Freedmen's Bureau Records: Emily Rodney to Orlando
Brown, April 2, 1866
Emily Rodney writes to protest her being barred from preaching to the black population of Staunton by Frederick Tukey and the Freedmen's Court. She writes that the people should be free to worship as they choose, and complains that she was not given a proper hearing. The attached endorsement by Tukey states his side of the case, in which he argues that Miss Rodney was undermining the unity of the community.
Gen O Brown
April 2d 1866
Last fall about 1st Sept I was sent on a Mission by our church to Staunton Va to look after the Spiritual interest of My People. I found them without any shepherd and worshipping in the abasement of the Church South. I read our discipline to them and almost all of them voted to join our Church numbering about 500; and the list enclosed of 139 names are those who agreed to contribute towards building a A.M.E. Church.

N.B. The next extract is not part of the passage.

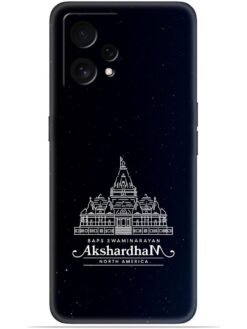 Akshardham design Soft Mobile Cover for Realme Narzo 50 Pro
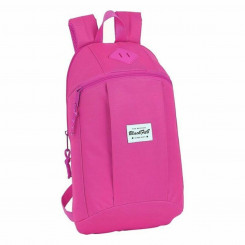 Повседневный рюкзак BlackFit8 M821 Розовый (22 х 39 х 10 см)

Rev. W. D. Harris by authority from Bishop Payne
a Preacher (Rev. Mat. Marshal to preach for them, who went up and labored with the people very acceptably for 3 or four weeks and the people were willing to unite with our church and were anxious to do so. But Mr. Tukey advised him to let them remain where they were until Spring so Mr. Marshal complied with Mr Tukeys wishes and left them but during the winter the Washington Conference sends a man there who receives Mr. Tukeys cooperation and a portion of the members join the Washington Conference Church we have nothing against their having all the members who desire to belong there but we do ask as in the the name
of Justice and Religious Liberty that the people be allowed to worship God according to the dictates of their consciences and that they be allowed to join the Church of their first Choice, and that your humble servant be allowed to preach and hold meetings with the people in the usual orderly and peaceful Manner. I was sent for by the people, I went and found them divided and in a very unsettled and dissatisfied state, I labored for Union, and love, and peace among them. By false accusations I was summoned to appear before Mr. Tukey who advised me to desist from preaching until some money was raised for the preacher of the W.C. Church. I complied until he went away
I commenced holding my meetings again far away from their place of Meeting and Mr. Tukey summoned me before him, to a trial. I took witnesses along with me but he heard the testimony and statements of my enemies and refused to hear any statement of facts from my friends or witnesses and then decided that I should not hold any more meetings in Staunton and that I should stop preaching there. I told him that I should appeal to you from his decision. He stated that he believed me to be a lady and that my motives were pure. I now respectfully but earnestly ask that I be allowed to continue to hold meetings in a lawful way in Staunton. The people are determined to join the A.M.E. Church and have sent for a Minister to come and organize them into a church according to agreement last fall.